EduTECH 2019 had over 10,300 attendees across the two-day Congress and Expo. The Congress included 5 parallel conferences, 8 pre-event masterclasses, 250+ speakers, 300+ exhibitors, and 1 exhibition, on 6 and 7 June 2019. Sir Ken Robinson discussed why physical education in schools is just as maths, science, and humanities.

=== 2018 Conference ===
EduTECH 2018 consists of 9 congresses, multiple masterclasses, 220+ speakers, 400+ exhibitors and 1 exhibition took place on 7 and 8 June 2018. 'Future of technology in the classroom' was debated at EduTech conference.

===2017 Conference===
In 2017, EduTECH had over 8,000 in attendance for its eight congresses, nine masterclasses, and other conferences.
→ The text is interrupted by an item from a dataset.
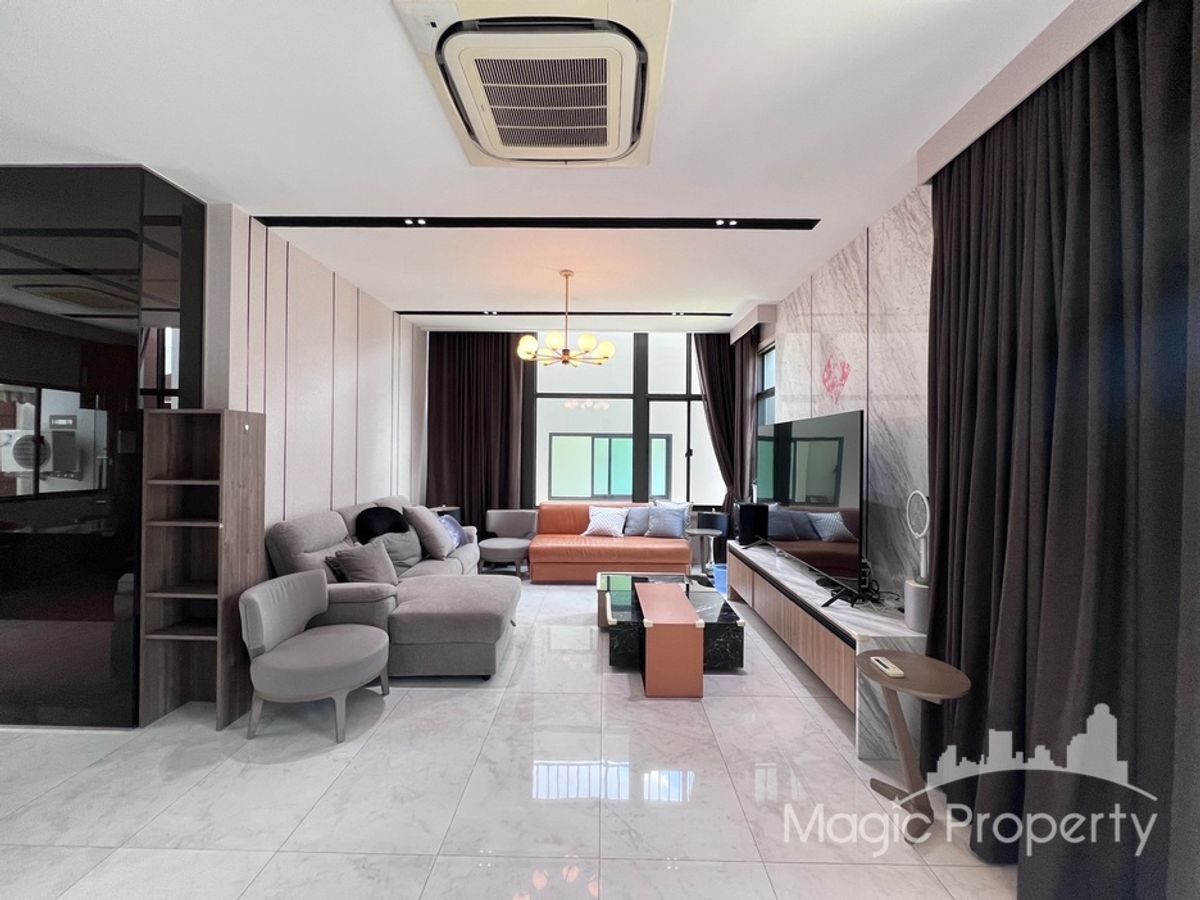 5 Bedroom Single House For Rent in Grand Bangkok Boulevard Rama 9 - Krungthepkreetha, Thap Chang, Saphan Sung, Bangkok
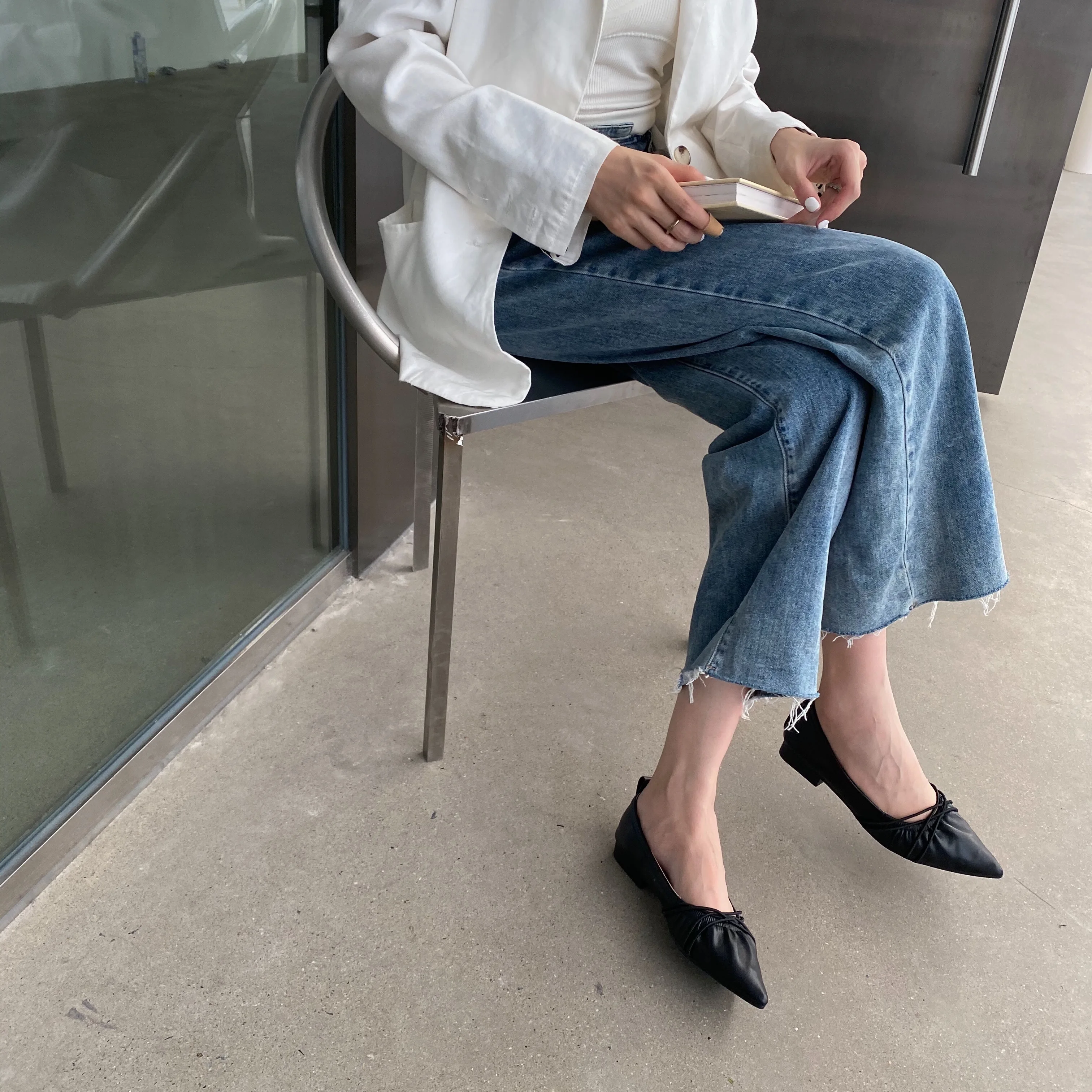 DEleventh Shoes Woman Summer 2020 Formal Flat Shoes Pointy Toe New PU Leather Fashion Ladies Office Pumps Beige Black In Stock
DEleventh Shoes Woman Summer 2020 Formal Flat Shoes Pointy Toe New PU Leather Fashion Ladies Office Pumps Beige Black In Stock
Speakers for the event included author of 'Mindset' Carol Dweck, Director of Development ESSA Academy (UK) Abdul Chohan and Astronaught Greg Chamitoff.

===2016 Conference===
In 2016, EduTECH had over 6,600 in attendance for its eight congresses, eight masterclasses, and other conferences. Featured speakers for the event included former CEO of Telstra David Thodey, Fuji Xerox Australia manager Pam Fleming, Andy Hargreaves, New Frontier 21 Consulting CEO Anthony Muhammad, and game designer Jane McGonigal. The smart phone program QParents, an app that allows parents to access a child's personal details, was announced at the expo.

===2015 Conference===
EduTECH 2015 had over 250 exhibits with approximately 6,000 attendees. The official dinner was held for 900 participants. Eight conferences were held with eight master classes following. The conference also featured TeachMeets and break-out sessions. Keynote speakers included Heidi Hayes Jacobs, Eric Sheninger, Larry Rosenstock, and Eric Mazur.

===2014 Conference===
The 2014 EduTECH event was attended by 5,200 people and an official event dinner had over 800 guests. The show had over 200 exhibitors. There were nine conferences and eight masterclasses which were led by industry leaders including Sugata Mitra, Ewan MacIntosh, and Gary Stager. Ken Robinson was keynote speaker in 2014.

===2013 Conference===
EduTECH 2013 had over 3,000 participants and over 150 exhibitors. The keynote speech was given by Daniel H. Pink, author and former speechwriter for Al Gore. The 2013 speakers included Ken Robinson, an educationalist featured on TED talk, Salman Khanm, Alan November and Stephen Heppell.